The populist revolt against the elites has shown awareness of the fact that Britain – and the English part of it in particular – is very badly run by a narrow clique of individuals who all seem to have gone to the same public schools and universities and who have a free hand to plot together with their chums in the media to decide who is going to have a crack at running the country.  Much of this agonising about the failure to govern in the interests of the majority has been displaced into an over-inflated antagonism towards the European Union, and hence the Brexit vote.

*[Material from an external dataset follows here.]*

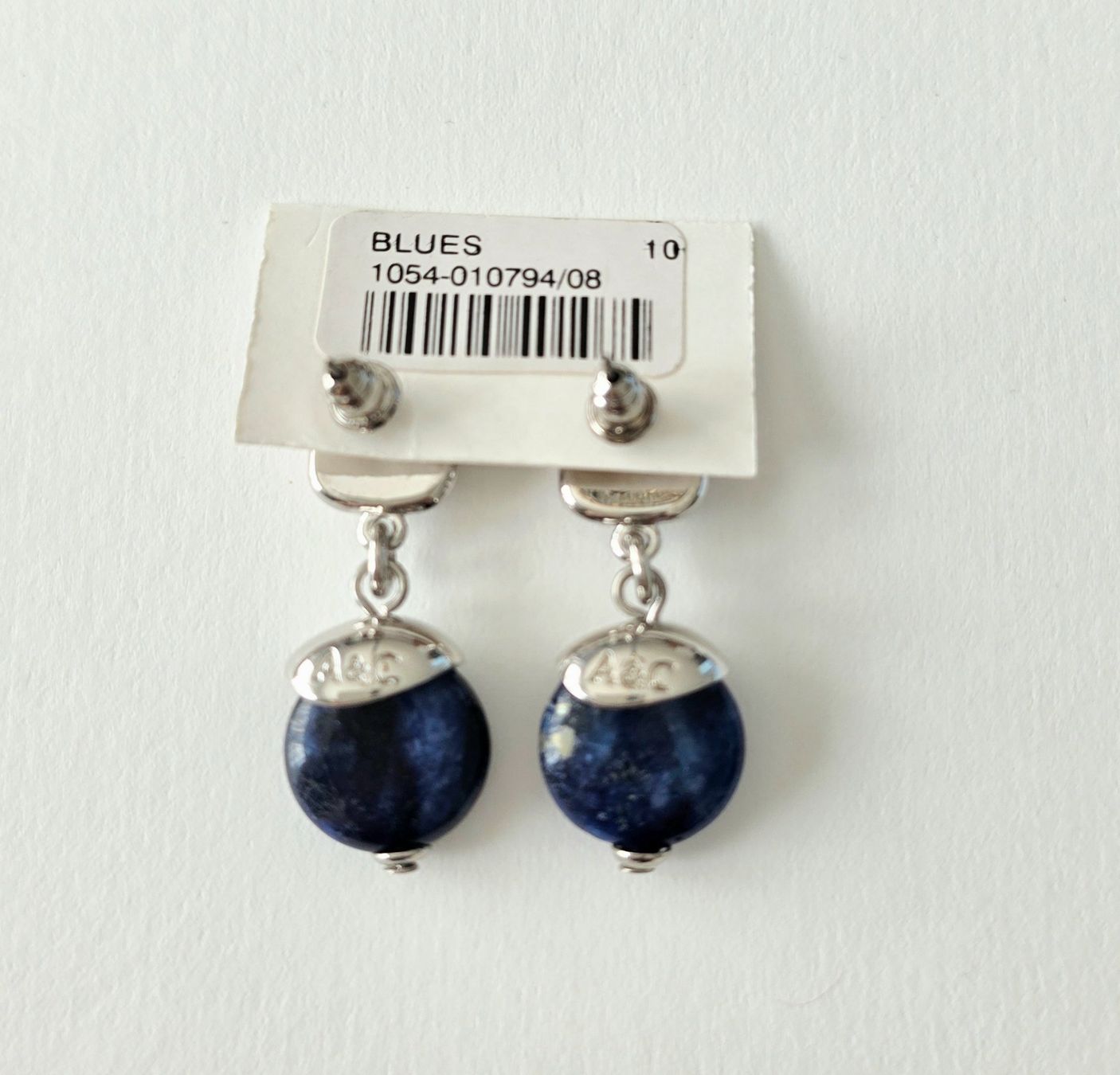 Orecchini pendenti & Orecchini a lobo: Elegante Design Ohrringe mit Lapislazuli - A&C neu – Nuovo e nell'imballaggio originale da Uetikon am See venduto da Springdream 3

The left’s favoured slogan – ‘For the Many, Not the Few’ – has channelled some of the frustration and anger over the way things are turning out. But it leaves unanswered questions about what we could expect from a Labour government to reverse the huge increase in inequality.  ‘Trust Jeremy Corbyn’s Labour’ seems to be the most complete response, when what we need is a detailed programme explaining how political power is going to be wrestled back from the elites and rooted in a newly-invigorated democracy. If government is ever to be for the many then it has to mean a great deal more than just having Jeremy Corbyn in No. 10.  It will mean a democratic revolution that will transform the entire character of the UK’s ancien regime, decentralising the state and building new organs of regional and local government, all equipped with real power to intervene in the economy and structure public services in ways which benefit the majority.

More than a Corbyn fan club?

Three years on from Corbyn’s stunning victory in the leadership election, a huge surge in active membership of the party, and a dogged defence of his leadership against centrist and right wing would-be wreckers, it has to be said that the left has not yet made progress in formulating the political programme that would guide a Corbyn government and mobilise the social forces needed to bring about change.  Leadership supporting events, from the Assemblies Against Austerity through to The World Transformed still have too much of the fan club approach about them, perhaps with a sprinkling of contributions from star bloggers and newspaper columnists to maintain the sense that new ideas are driving the movement.

In fact ‘new ideas’ are the very thing that the Momentum leadership and its kindred cliques seem to be determined to block.  Check the debate on Brexit policy; back-track in the face of the bogus claims made by the right wing of a tsunami of antisemitism; and strangle any discussion of the democracy issue before it gets off the ground, are all part of the record to date.

But maybe it is not too late to change that.  It could be that we still have time to set out a plan for tackling the damage that Brexit will do to working class Britain.  Perhaps the left will consolidate its position amongst young radicals by supporting their internationalist commitments, rather than indulging in divisive ‘let’s take care of our own’ parochiality. It could be that the left will finally recognise that it is up to us, and no one else, to build and invigorate the movement for real democracy that Britain needs.  But if it is to do these things it has to acknowledge the need to become something a great deal more than what it currently is.